● **WORK TASK**:
From top to bottom, write out the listing exactly and skip every picture.

● **DATA PROVIDED**:
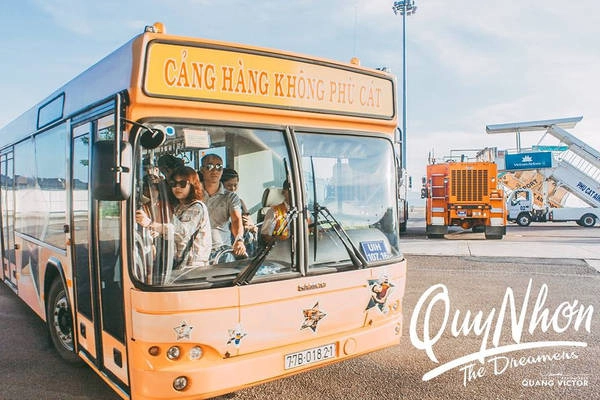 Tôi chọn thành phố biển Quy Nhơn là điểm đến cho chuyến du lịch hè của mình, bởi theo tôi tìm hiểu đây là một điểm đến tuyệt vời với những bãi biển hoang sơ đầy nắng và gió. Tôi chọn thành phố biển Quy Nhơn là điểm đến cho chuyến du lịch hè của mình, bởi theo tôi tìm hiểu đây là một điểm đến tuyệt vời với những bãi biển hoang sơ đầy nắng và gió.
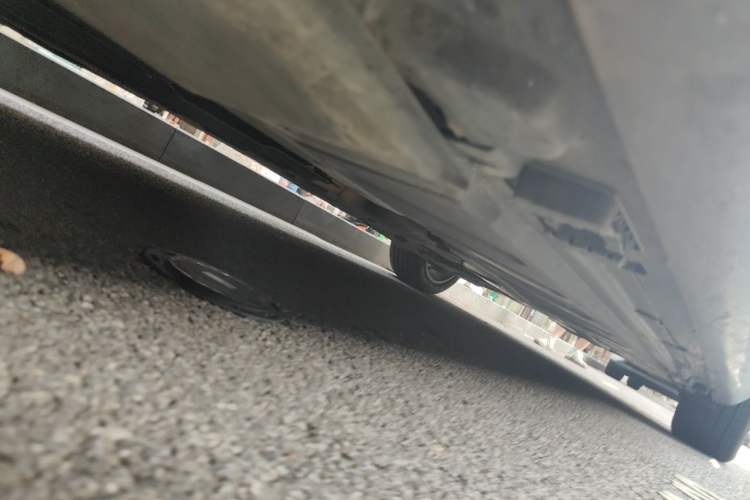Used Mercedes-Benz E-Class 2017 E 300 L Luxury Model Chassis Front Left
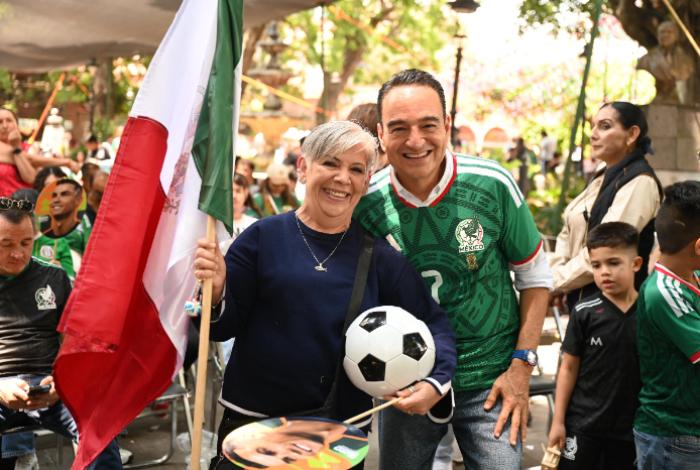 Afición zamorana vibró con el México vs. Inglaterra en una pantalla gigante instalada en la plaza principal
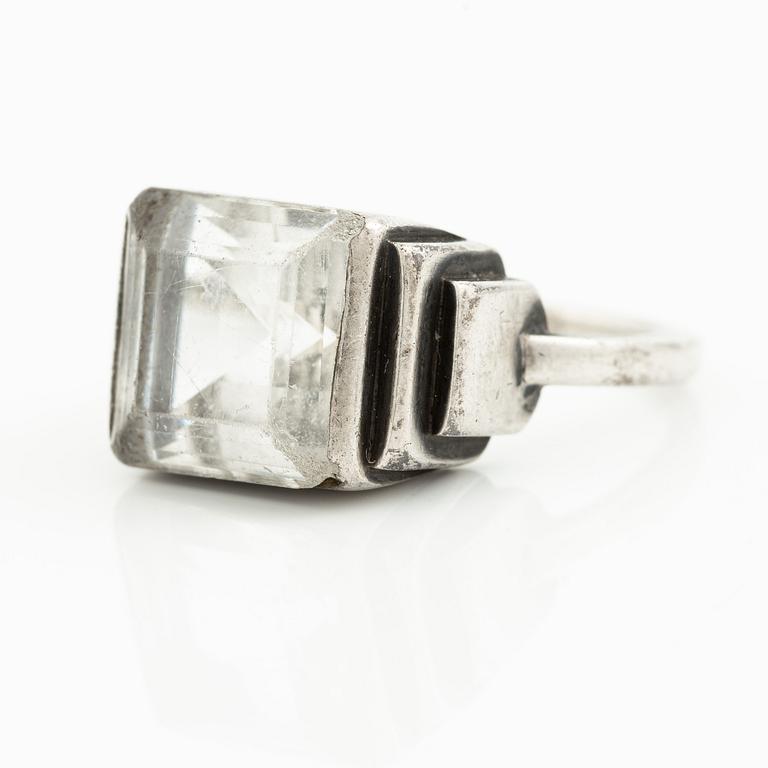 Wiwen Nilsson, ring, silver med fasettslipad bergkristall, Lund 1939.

● **WRITTEN ANSWER**:
 Tôi chọn thành phố biển Quy Nhơn là điểm đến cho chuyến du lịch hè của mình, bởi theo tôi tìm hiểu đây là một điểm đến tuyệt vời với những bãi biển hoang sơ đầy nắng và gió. Tôi chọn thành phố biển Quy Nhơn là điểm đến cho chuyến du lịch hè của mình, bởi theo tôi tìm hiểu đây là một điểm đến tuyệt vời với những bãi biển hoang sơ đầy nắng và gió.
Used Mercedes-Benz E-Class 2017 E 300 L Luxury Model Chassis Front Left
 Afición zamorana vibró con el México vs. Inglaterra en una pantalla gigante instalada en la plaza principal
 Wiwen Nilsson, ring, silver med fasettslipad bergkristall, Lund 1939.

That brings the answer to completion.